Y(1,0) would fail; but I don't consider that a defect, since Y() has
internal linkage, and no pointer to Y() is ever passed out of the same
translation unit (TU) where it is defined. Therefore, it can only be
called from within the same TU. Every call to Y() from within the same
TU is protected against having the second argument be 0, so Y() is
relieved of it's responsibility for validating b.

Therefore, I would consider a complete unit test of X1() to also be an
entirely acceptable unit test for X2()+Y(), even though there's no way
for the test driver to call Y(1,0).

This is obviously a simplified example, merely to explain the
equivalence I'm talking about; it is NOT intended to demonstrate a
plausible reason for creating Y() - there is no such reason in this
example. Almost identical blocks of code occurring in several different
locations within X(), and nowhere else, is one typical situation where I
would split off a separate static function for such purposes.

 

[Malcolm McLean]

As I said above, I consider X and Y to be a single routine for purposes
of testing. I seen no practical distinction between:

int X1(int a; int b)
{
if(b)
return a/b;
else
return INT_MAX;
}

and

static int Y(a, b) { return a/b; }

int X2 (int a; int b)
{
if(b)
return Y(a,b);
else
return INT_MAX;
}

A common real example is

void setpixel(unsigned char *image, int width, int height, int x, int y, colour col)

and

void setpixel_checked(unsigned char *image, int width, int height, int x, int y, colour col)

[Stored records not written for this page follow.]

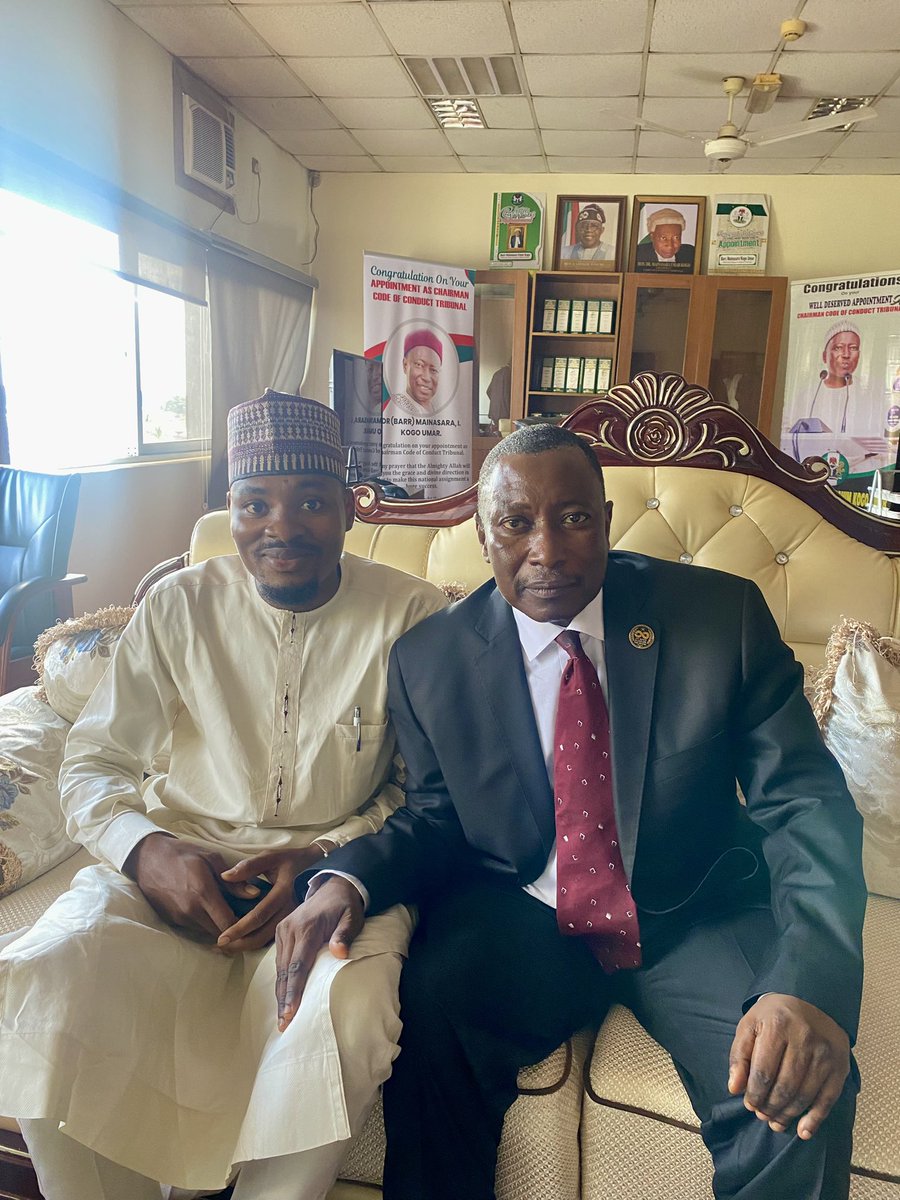 Hon_Faskari's tweet photo. Earlier yesterday, I had the privilege of attending the swearing of my uncle Hon. Justice Mainasara Umar Kogo Faskari, as Chairman court of conduct tribunal (CCT) at the Supreme Court Abuja. 
I thank Mr President @officialABAT for finding him worthy in this regard. https://t.co/G9GnJE91zz
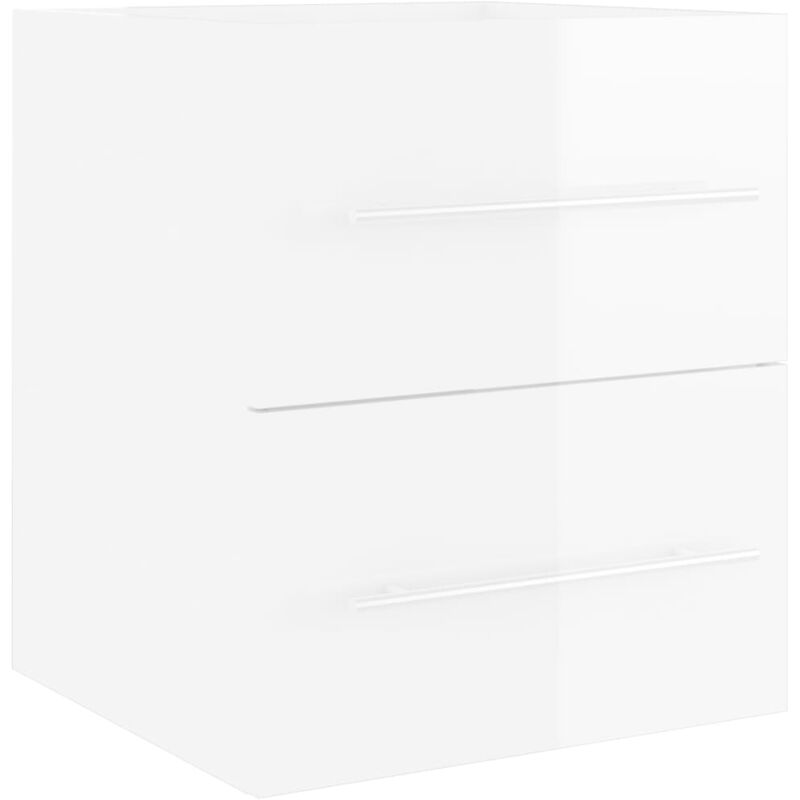 

vidaXL Armario para lavabo aglomerado blanco brillante 41x38,5x48 cm - Blanco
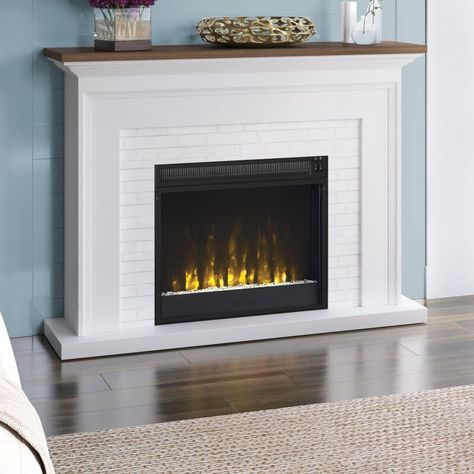 Alcott Hill® Sedalia Electric Fireplace & Reviews | Wayfair Fireplace Mantel Surrounds, Wall Mounted Fireplace, Mantel Surround, Fireplace Shelves, Mounted Fireplace, Freestanding Fireplace, Electric Fireplace Insert, Wall Mount Electric Fireplace, Faux Brick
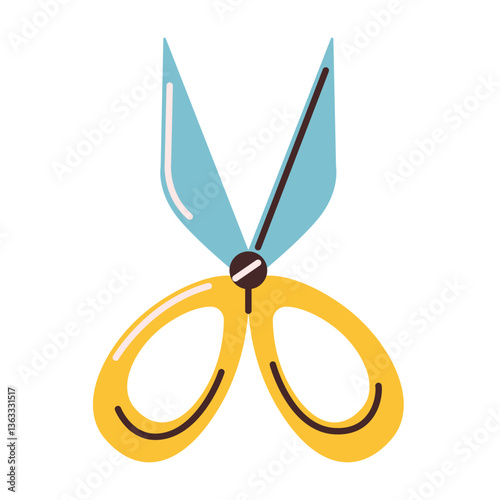 Garden shears for cutting bushes, trees, flowers. Vector illustration in flat style, isolated on a white background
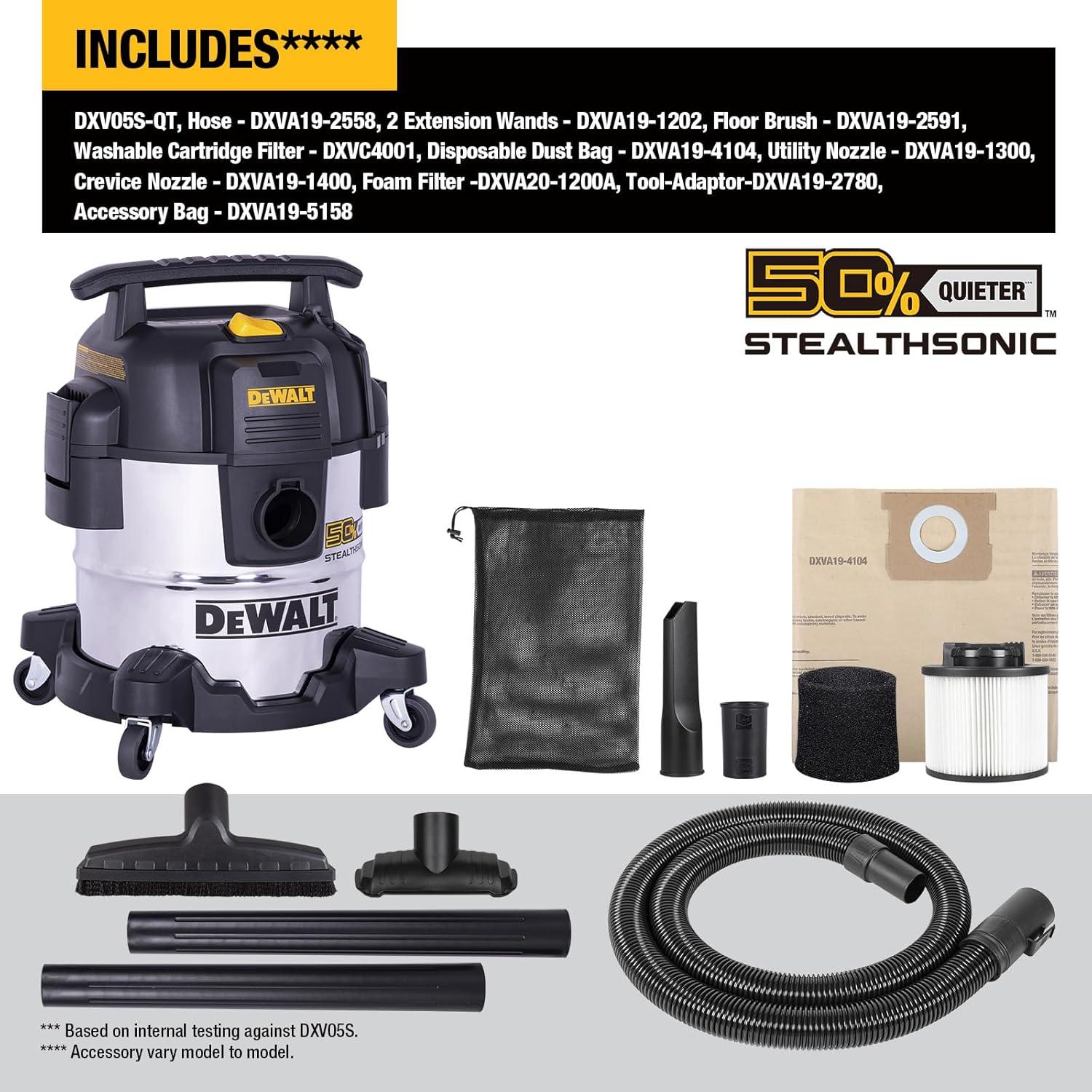 Aspiradora de Taller DEWALT DXV05S-QT 5 Galones 4 HP Húmeda y Seca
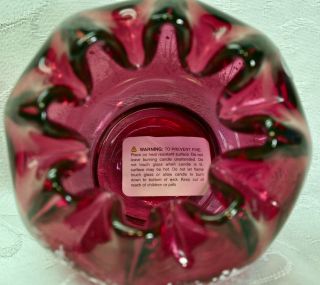 Fenton,  Rose Bowl,  Cranberry Glass,  Mary Gregory,  Hand Decorated,  Limited Ed. 7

tests for out of bounds are often quite expensive.

 

[Phil Carmody]

A carp is a fish. The (other )word for it is »crap«.

Tell that to Uli:
https://sourceware.org/bugzilla/show_bug.cgi?id=5070#c1

Glibc, Uli, ... you don't see any connection?

Maybe quoting Uli is a Finnish Nokia thing. He's classic.

Phil

 

[Phil Carmody]

Ah Phil, you can which one of us has been corrupted by the politics of
management!

Still a code monkey, and I like it that way. I've finally completed
the cycle of company sizes (peaking at Samsung last year, yikes),
and am now back at the beginning again, in a company with only 4
devs and a management hierarchy that only a mathematician would be
prepared to actually call a "hierarchy".

Is that email address valid, I have a small favour to ask?

Phil

 

[Ian Collins]

Is that email address valid, I have a small favour to ask?

Yes, I just checked it for the first time this year!